Start of STORED DATA

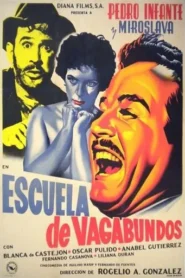 Escuela de vagabundos
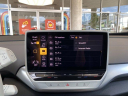 Thumbnail image of 2021 Volkswagen ID.4 at University VW Mazda Used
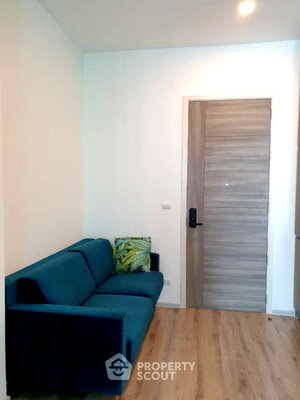 Condos for sale : 1-BR Condo at KnightsBridge Collage Ramkhamhaeng close to Ramkhamhaeng (ID 1307808)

End of STORED DATA

* EXERCISE OBJECTIVE: Without any pictures, print the whole listing again exactly as it stands.

* TASK OUTPUT:
 Escuela de vagabundos
 Thumbnail image of 2021 Volkswagen ID.4 at University VW Mazda Used
 Condos for sale : 1-BR Condo at KnightsBridge Collage Ramkhamhaeng close to Ramkhamhaeng (ID 1307808)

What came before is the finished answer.